I sent the following email to EPA Administrator Lisa Jackson:
Dear Administrator Jackson:
The following post was left on the pure-gas.org web site in the Comments section:
“Recently our fire dept. was responding to a brush fire where the fire was about the get into a barn. Our brush truck has a gasoline powered engine (which is almost new) in which we had a difficult time cranking to extinguish the fire. Upon our investigation after the fire we found the cause of failure of the pump operating was due to ethanol gas. The repair agency advised that we should not use ethanol gas on small engines due to this problem and that we should not store ethanol gas no more than 2 weeks. Unfortunately we must store some gas for emergencies on fire apparatus for calls. At some times it can be stored for quite some time before we use it. How are fire dept’s suppose to operate equipment properly and store gas for emergencies with this causing engine problems? Hope you don’t need to depend on this to save your life, the engine may not start??????? -Tony Collins, Advance, NC (February 9, 2011)”
You can see it for yourself here: http://pure-gas.org/comments, use the View all comments button to get to this earlier comment.
Are you going to wait until someone dies when portable equipment won’t start or quits during an emergency because of the unintended consequences of the RFS mandate in EISA 2007 that are turning all of the gasoline in the U.S. to E10? As it stands now first responders and emergency crews cannot get ethanol free gasoline in California and most of the Northeast. It is rapidly disappearing in the Northwest too, and it is apparently a serious problem in North Carolina.
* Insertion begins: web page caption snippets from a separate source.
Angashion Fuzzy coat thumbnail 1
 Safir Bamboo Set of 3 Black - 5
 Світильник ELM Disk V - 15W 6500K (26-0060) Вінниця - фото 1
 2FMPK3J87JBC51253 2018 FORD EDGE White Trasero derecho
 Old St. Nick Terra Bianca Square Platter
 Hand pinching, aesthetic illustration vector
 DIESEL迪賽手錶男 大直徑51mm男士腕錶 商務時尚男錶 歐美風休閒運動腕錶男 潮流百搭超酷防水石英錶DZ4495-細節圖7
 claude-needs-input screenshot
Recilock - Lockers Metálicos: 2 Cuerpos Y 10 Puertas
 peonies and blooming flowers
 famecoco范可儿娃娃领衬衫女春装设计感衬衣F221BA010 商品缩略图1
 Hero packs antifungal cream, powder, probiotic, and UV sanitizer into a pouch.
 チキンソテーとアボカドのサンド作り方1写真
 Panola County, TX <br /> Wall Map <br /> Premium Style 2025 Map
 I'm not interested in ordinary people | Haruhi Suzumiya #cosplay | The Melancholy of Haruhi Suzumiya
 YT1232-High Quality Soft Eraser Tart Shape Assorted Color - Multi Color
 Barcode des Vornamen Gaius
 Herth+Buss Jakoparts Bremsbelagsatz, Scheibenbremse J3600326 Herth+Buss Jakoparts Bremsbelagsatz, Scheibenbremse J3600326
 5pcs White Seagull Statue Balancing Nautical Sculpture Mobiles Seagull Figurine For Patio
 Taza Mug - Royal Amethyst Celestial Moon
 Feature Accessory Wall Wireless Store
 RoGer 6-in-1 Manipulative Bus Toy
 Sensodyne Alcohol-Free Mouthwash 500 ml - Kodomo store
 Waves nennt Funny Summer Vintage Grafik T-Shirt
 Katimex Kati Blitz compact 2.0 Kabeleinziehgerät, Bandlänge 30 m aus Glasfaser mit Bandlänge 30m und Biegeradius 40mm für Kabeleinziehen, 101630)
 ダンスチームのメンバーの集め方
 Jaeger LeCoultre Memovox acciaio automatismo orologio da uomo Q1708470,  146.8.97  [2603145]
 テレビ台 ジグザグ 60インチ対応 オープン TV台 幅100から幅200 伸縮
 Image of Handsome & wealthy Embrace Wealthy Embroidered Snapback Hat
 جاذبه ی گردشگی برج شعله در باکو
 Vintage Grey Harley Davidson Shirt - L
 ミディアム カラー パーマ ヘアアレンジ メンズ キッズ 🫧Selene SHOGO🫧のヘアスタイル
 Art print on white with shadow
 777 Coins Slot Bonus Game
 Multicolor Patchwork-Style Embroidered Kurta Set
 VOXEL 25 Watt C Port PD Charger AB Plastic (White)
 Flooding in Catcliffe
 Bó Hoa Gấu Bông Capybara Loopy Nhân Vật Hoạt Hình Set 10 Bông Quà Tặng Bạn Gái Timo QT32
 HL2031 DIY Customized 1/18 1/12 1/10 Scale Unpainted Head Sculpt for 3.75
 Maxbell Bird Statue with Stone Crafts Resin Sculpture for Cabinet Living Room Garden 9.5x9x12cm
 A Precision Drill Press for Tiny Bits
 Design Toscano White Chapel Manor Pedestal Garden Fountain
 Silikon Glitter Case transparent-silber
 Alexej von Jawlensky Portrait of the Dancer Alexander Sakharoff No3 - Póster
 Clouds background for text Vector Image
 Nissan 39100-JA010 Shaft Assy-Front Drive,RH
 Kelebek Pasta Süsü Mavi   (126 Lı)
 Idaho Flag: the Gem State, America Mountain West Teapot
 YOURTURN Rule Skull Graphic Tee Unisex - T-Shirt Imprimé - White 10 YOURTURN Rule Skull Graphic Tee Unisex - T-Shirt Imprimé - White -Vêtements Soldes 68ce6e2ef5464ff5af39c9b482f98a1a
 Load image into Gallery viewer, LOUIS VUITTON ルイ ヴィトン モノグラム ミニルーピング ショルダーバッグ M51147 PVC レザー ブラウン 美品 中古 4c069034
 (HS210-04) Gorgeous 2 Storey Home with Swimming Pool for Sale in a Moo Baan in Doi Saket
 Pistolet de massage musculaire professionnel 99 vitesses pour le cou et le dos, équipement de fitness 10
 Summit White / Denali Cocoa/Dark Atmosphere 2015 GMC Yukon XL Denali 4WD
I urge you to prohibit the blending of ethanol in all premium unleaded gasoline sold in the U.S., as you were requested by numerous organizations in the E15 comments, before someone is killed.
Regards — Dean Billing / Sisters, OR
I would urge others in the Public Safety field to let Administrator Jackson know if you have concerns about how the ethanol mandate is affecting your portable tools and equipment … before it is too late. You can email her at email@example.com
Update 03/30/2011: Apparently the EPA is waiting for someone to die, as the following reply illustrates:
Dear Mr. Billing:
Thank you for your February 15, 2011 email to Administrator Jackson concerning the use of ethanol in gasoline and problems with small, non-road engines in emergency equipment. …
We are aware that some small, non-road engines are having problems with gasoline that contains 10 percent ethanol (E10). Furthermore, we have found that gasoline with 15 percent ethanol (E15) is not suitable for such engines. As we transition to E10 and E15 we are monitoring the situation. Please contact us if we can be of further assistance.
Karl J. Simon, Director
Compliance and Innovative Strategies Division, Office of Transportation and Air Quality
So there you have it in black and white, “… we are monitoring the situation.“
Translation from bureaucratese, “Yes, we are waiting for someone to die and if there is a public outcry, we will react.”